As I have noted, I deliberately missed my class’s big reunion intentionally, disgusted with what the school has become and the unethical values it now imposes on its students, alumni, applicants and other sho rely upon it to be a force for enlightenment in the nation. Interestingly, several classmates (none of whom I ever met) sent me their approval of my protest and the stated reasons for it in my class report, but none emailed. All arrived in handwritten letters. Either they think my views are so out-of-date that I communicate in quill and parchment only, or they do.

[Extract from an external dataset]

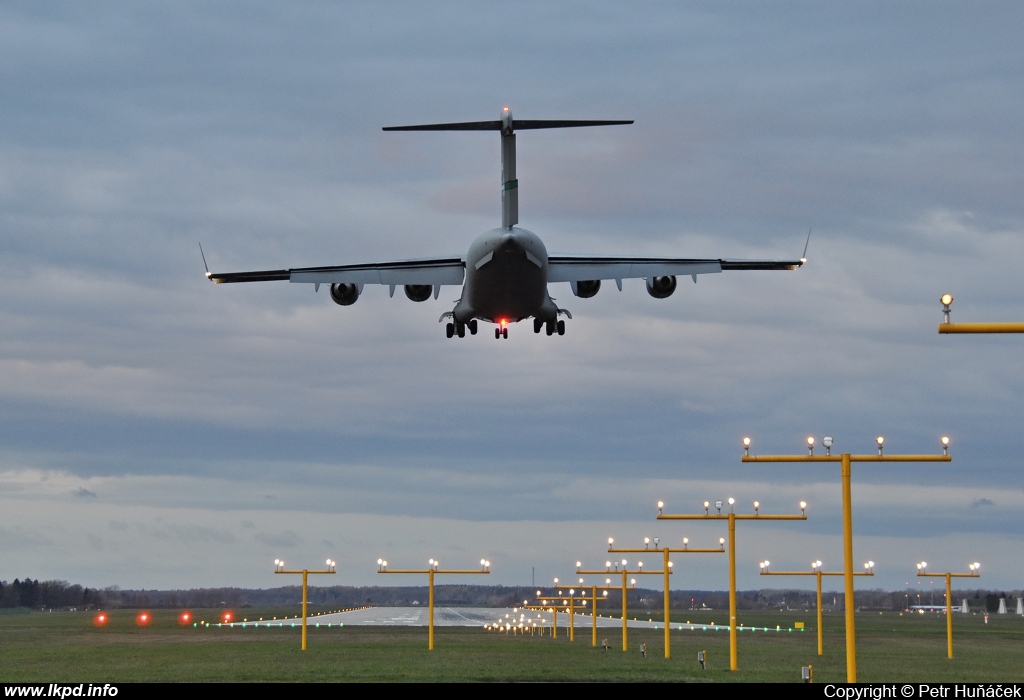 USAF – McDonnell Douglas C-17A Globemaster 99-0058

Anyway, I am slowly working my way through the hardbound tome, which is over a thousand pages long and in small print. Its statements by members of the class provide a fascinating and useful set of clues about the current state of mind the more pampered, “privileged” Boomers are in—for one thing, those who did write (a lot of them didn’t) are even more verbose than I am. Also notable is how many of the survivors of the original campus protests are just as vulnerable to facile conventional wisdom among their peer groups now as they were when they were praising Ho Chi Minh, promiscuous sex and the habit of being stoned much of the day.
I have always thought that maturity is a myth.
With this post, I’m launching what might be a continuing series, but who knows what horrors lie in those 1000 pages? I have already been horrified by the number of my classmates who feel that the Earth is endangered by global warming, which they view as the Most Important Thing Ever, though none of the people writing that appear to be in the scientific community.